JWP Joshi Puroresu was founded in early 1992, when Japan Women's Pro-Wrestling (JWP), ravaged by internal politics, split up into two camps, dubbed the "shooters" and the "entertainers", and eventually folded on January 18. The "shooter" side went on to form Ladies Legend Pro-Wrestling (LLPW), while the "entertainer" side, led by Jackie Sato and financed by Masatoshi Yamamoto, founded JWP Project, later renamed JWP Joshi Puroresu, which held its first event on April 3, 1992. Already the following year, JWP managed to sign a television deal with the WOWOW channel. In 1994, Jaleco published the JWP Joshi Pro Wrestling: Pure Wrestle Queens (JWP女子プロレス ピュア・レッスル・クイーンズ, JWP Joshi Puroresu Pyua Ressuru Kuīnzu) video game for the Super Famicom game console.

JWP's goal from the start was to rival All Japan Women's Pro-Wrestling (AJW), the top joshi puroresu promotion in the country, but always remained in its shadow.
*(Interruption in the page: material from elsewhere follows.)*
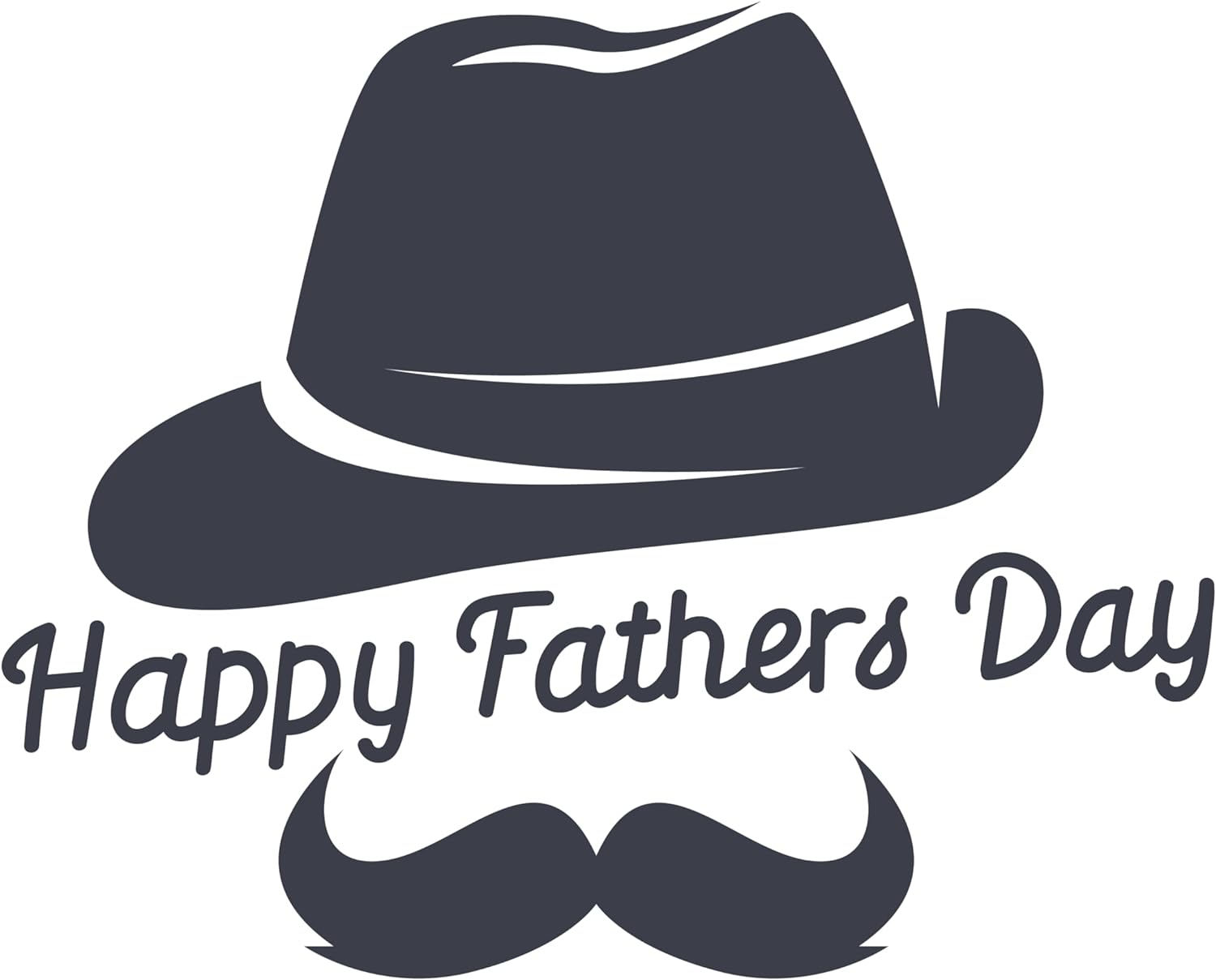 Inspirational Quote "Black hat Happy Father Day" Motivational Sticker Vinyl Decal Motivation Stickers- 5" Vinyl Sticker Waterproof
After closing the gap between the two promotions in 1996, JWP was hit hard in 1997, when two of its top workers, Candy Okutsu and Hiromi Yagi retired, Dynamite Kansai was sidelined with health problems and finally, when, on August 16, another top worker, Plum Mariko, died in the ring during one of its events. These were followed by Jackie Sato's death from stomach cancer on August 9, 1999. After a co-promoted event with AJW in February 2000 turned out to be a failure, JWP closed its doors at the end of the year. However, the promotion returned just a few months later, now under new management, headed by wrestler Command Bolshoi. JWP continued working with former rival promotion AJW until the promotion folded in April 2005. JWP then adopted AJW's premier wrestling tournament, Tag League the Best, and also inherited the promotion's old sponsor, the Daily Sports newspaper, which led to JWP most notably introducing the Daily Sports Women's Tag Team Championship in August 2008.

JWP not only trained a large number of wrestlers, but was also able to recruit wrestlers from other folding joshi puroresu promotions, including Arisa Nakajima, Leon and Sachie Abe from AtoZ, Kazuki from JDStar and Hanako Nakamori and Tomoko Morii from Ito Dojo, while also employing freelancers such as Emi Sakura, Kana and Misaki Ohata. JWP had a close working relationship with the Ice Ribbon promotion. JWP also had a relationship with American promotion Chikara, with Hanako Nakamori, Tsubasa Kuragaki and Kaori Yoneyama, a replacement for an injured Command Bolshoi, representing the promotion at Chikara's JoshiMania weekend in December 2011. JWP has also participated in Chikara's premier tournament, the King of Trios, on two occasions, with Bolshoi, Kuragaki and Yoneyama participating in 2012, and Bolshoi, Hanako Nakamori and Manami Katsu in 2016.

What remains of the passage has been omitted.